Chapter_18_Engine_Upper-End__Revised_

Chapter 18: Engine Upper End

Learning Objectives

• Identify all parts of the engine's upper end.

• Understand differences in cylinder head designs.

• Comprehend variations in camshaft design.

• Describe different camshaft lobe profiles and their applications.

• Identify cam drive arrangements.

• Explain the difference between freewheeling and non-freewheeling engines.

Introduction to Engine Upper End

• The upper end of an engine includes:

  • Cylinder head(s)

  • Valve train: Consists of camshaft and cam drive.

• Intake and exhaust manifolds are discussed in another chapter.

Cylinder Head Construction

• Made from:

  • Cast iron

  • Aluminum

• Bare head: Head without installed components.

• Components of the cylinder head include:

  • Intake and exhaust valves

  • Retainers and valve locks

  • Valve guide seals

  • Valve springs

  • Rocker arms

Valve Guides

• Function: Guides valves during opening and closing.

• Types:

  • Integral: Only used in cast iron heads.

  • Replaceable inserts: Found in some iron and all aluminum heads.

• Worn valve guides can increase oil consumption.

Valve Guide Seals

• Leaking valve guides contribute to nearly half of oil consumption issues.

• Seal materials differ in high-temperature resistance.

• Valve seats can be integral or replaceable.

Valves

• Poppet valves are standard in automotive applications.

• Intake valves are 35%-40% larger than exhaust valves and function at high temperatures.

• Materials: Typically different for intake and exhaust valves.

• Valve stems are often chrome-coated to enhance durability.

• Heavy-duty engines may use sodium-filled valves which help manage high temperatures.

Retainers and Keepers

• Retainers and valve locks hold the spring and valve together.

• Keepers fit into grooves on the valve stem.

• Retainer's role: Holds spring against spring seat on top of the cylinder head.

• Valve rotators: Facilitate valve rotation for improved heat removal.

Valve Springs

• Function to close the valve; some engines require heavier springs.

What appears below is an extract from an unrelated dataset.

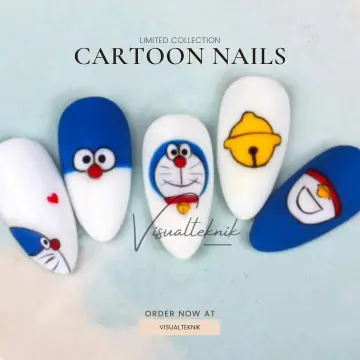 Customization Doraemon Wearing Anime Cartoon Armor Charm Y2K False Nail  Detachable 3D Manicure Detachable Girls Birthday Gifts - AliExpress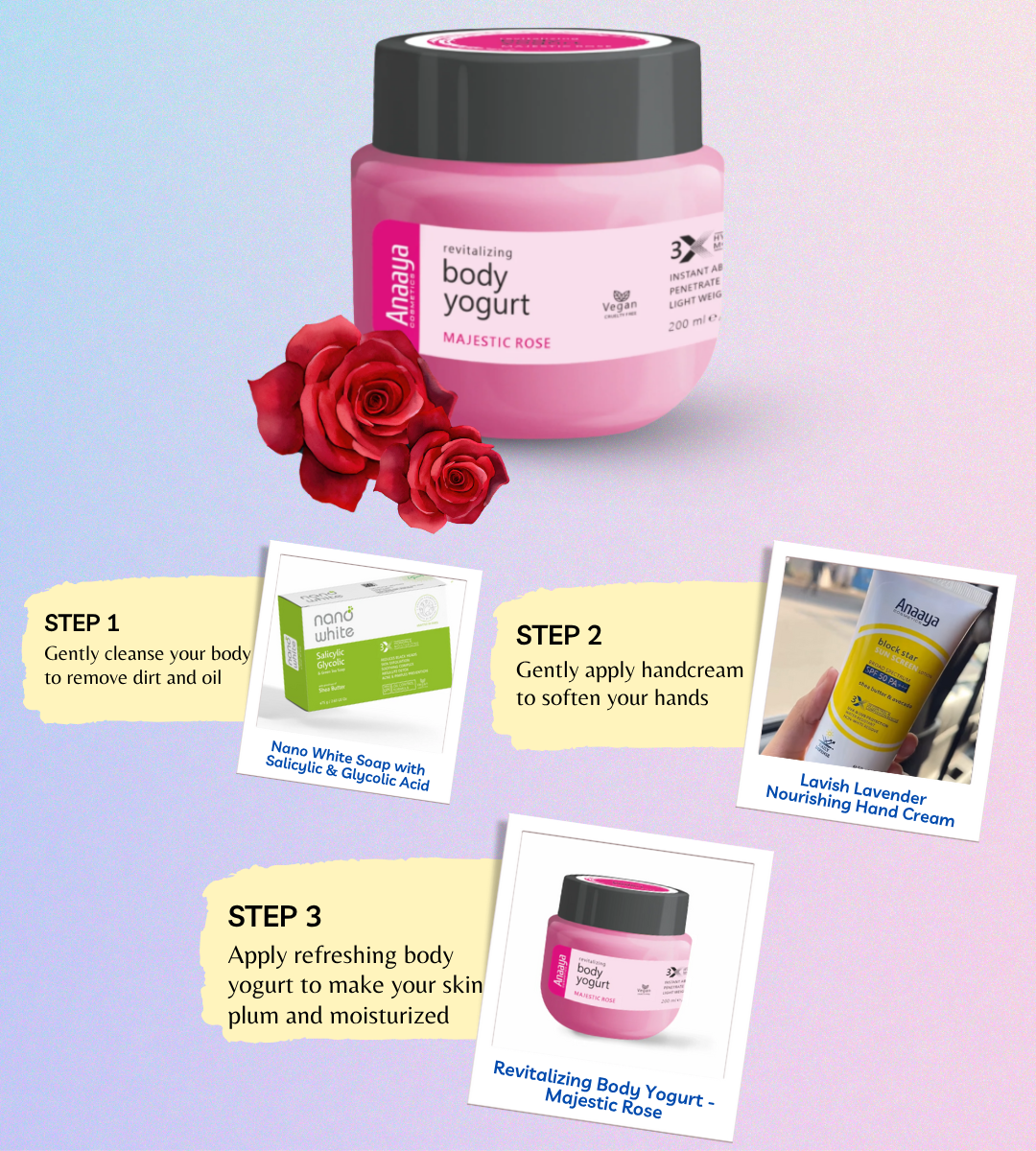 Majestic Rose Body Yogurt for Radiance 200 ml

• Dampeners are sometimes included to reduce spring vibrations.

Pushrods and Rocker Arms

• Cam-in-block engines utilize pushrods and rocker arms to transfer motion.

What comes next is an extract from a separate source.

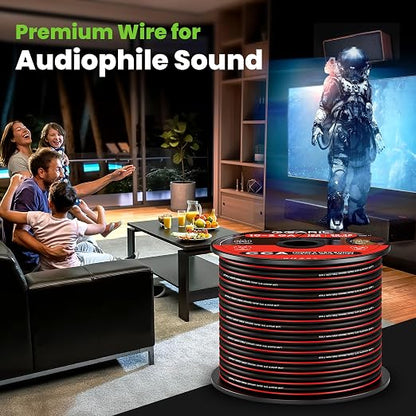 GEARit 14AWG Speaker Wire, Pro Series 14 Gauge Speaker Wire Cable Great Use - Image 8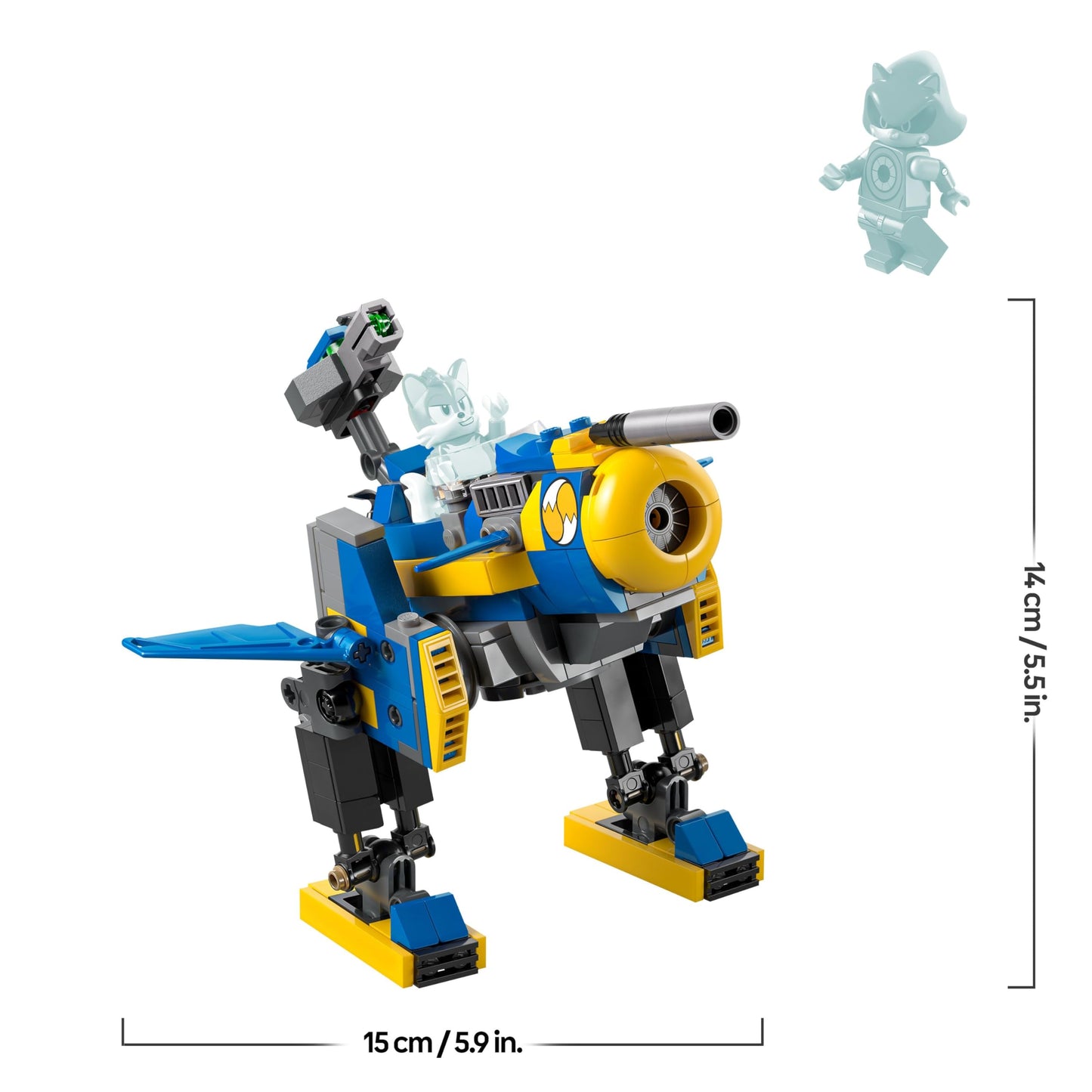 LEGO Sonic the Hedgehog Cyclone vs. Metal Sonic - toy mech to collect with 2 video game minifigures - gift idea for boys and girls aged 8 and up & teenager gaming fans 77002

• Rocker arms may have varying ratios affecting lift.*

• Some OHC engines incorporate rocker arms directly.

Camshaft

• Controls valve operation; typically crafted from hardened cast iron.

• Supports via cam journals.

Number of Cams and Lobes

• Cam configuration is determined by the number of valves.

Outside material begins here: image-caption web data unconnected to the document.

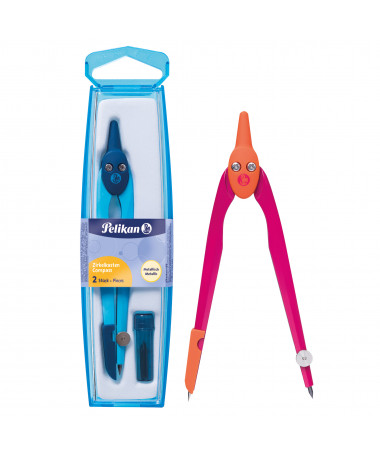 KOMPAS ZI, 2 pjesë, BLUE / PINK - PELIKAN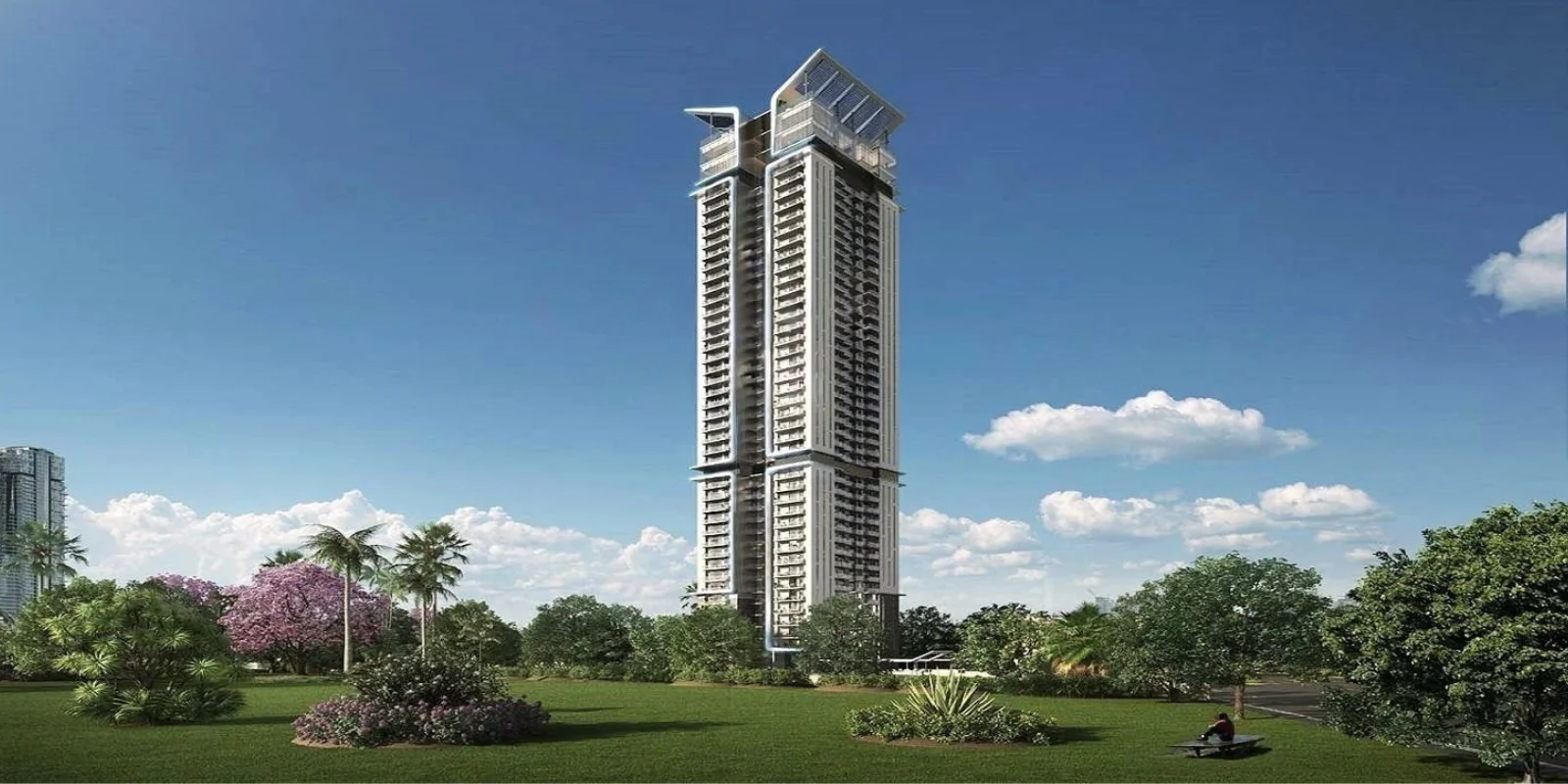 M3M Latitude luxury interior and exterior perspective 1 in Sector 65 Gurugram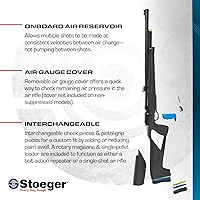Vista 5 de Stoeger Pistola de aire XM1 PCP - Calibre .177 - Sintético negro con mira de fibra óptica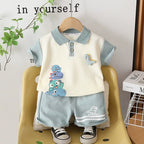 Conjunto Infantil Masculino Dinossauro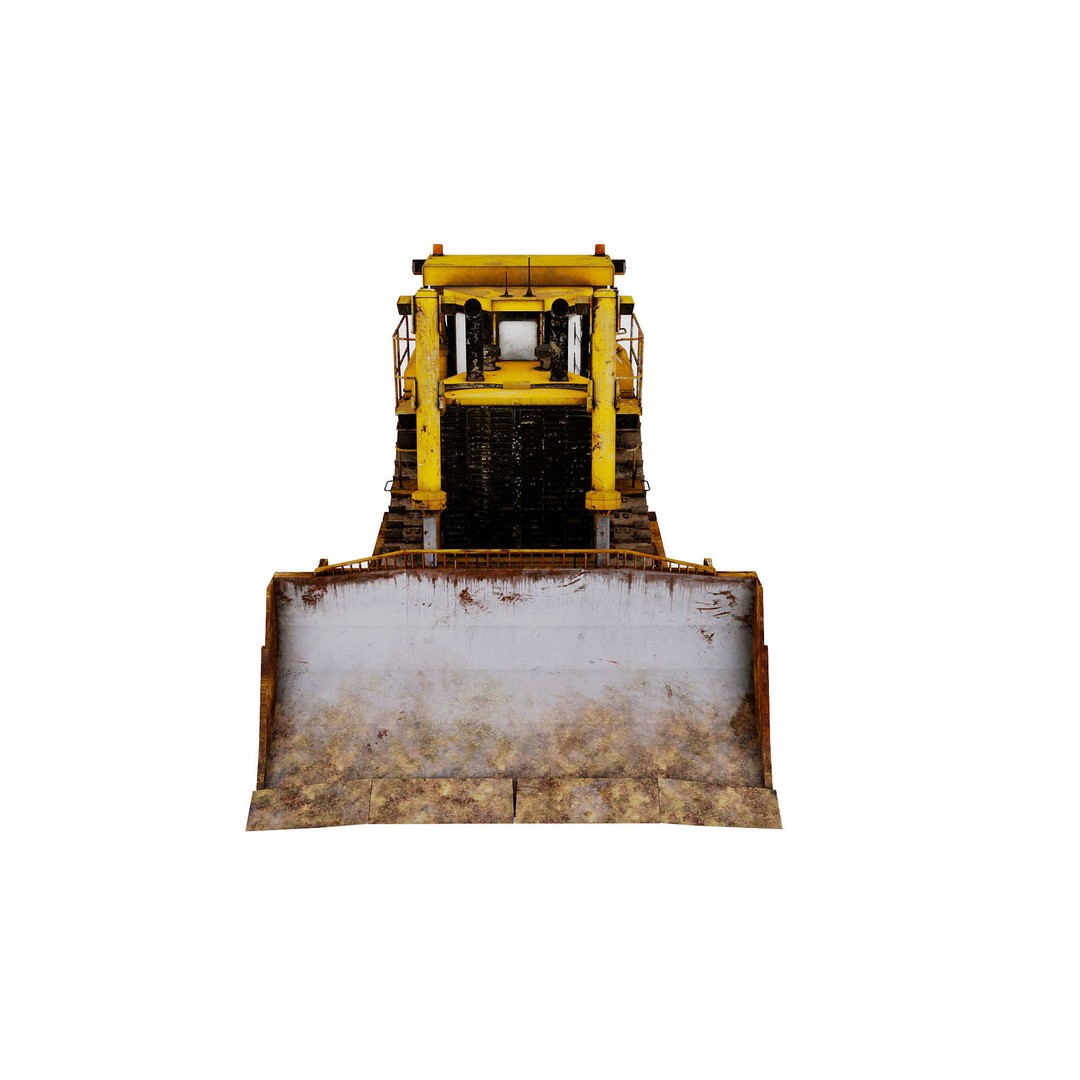 Bulldozer 3D Model – High Poly Game Ready Vehicle, FBX, OBJ - View 5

• Generally, one camshaft per cylinder head is common, but high-performance engines may require different setups.

Camshaft Performance

• Design considerations directly affect engine efficiency and performance.

• Two main factors affecting cam performance:

  • Duration: Length of time the valve is open.

  • Lift: The height to which the valve opens.

• Volumetric Efficiency: Corresponds to effective air and fuel intake.

Valve Lifters and Lash Adjusters

• Lifters ride on the cam lobes for effective valve operation.

• Some engines, like OHC, have hollow camshafts with oil passageways.

Roller Cam and Lifters

• Roller lifters significantly reduce friction in the valve train, enhancing horsepower and fuel economy.

Hydraulic Lifters

• Automatically maintain zero lash; designed for quiet operation and reduced wear.

Camshaft Drives

• Various methods exist to drive the camshaft:

  • Gear drive

  • Sprockets with timing chain/belt

• Freewheeling vs. interference engines:

  • Freewheeling: Piston and valves do not collide.

  • Interference: Collision can occur.

Valve Timing

• Critical to engine timing; specific opening and closing points are crucial for performance.

• Valve overlaps allow smoother operation and enhance performance.

Variable Valve Timing

• Used widely for horsepower enhancement and emissions control.

• Systems vary in complexity, impacting both timing and lift.

Electric Cam Phasers

• More complex systems combining variable lift and timing with hydro-mechanical interaction.

Active Fuel Management

• Types of systems aim to increase fuel economy via cylinder deactivation.

• Some systems use solenoids or electrohydraulic methods to control valve operation.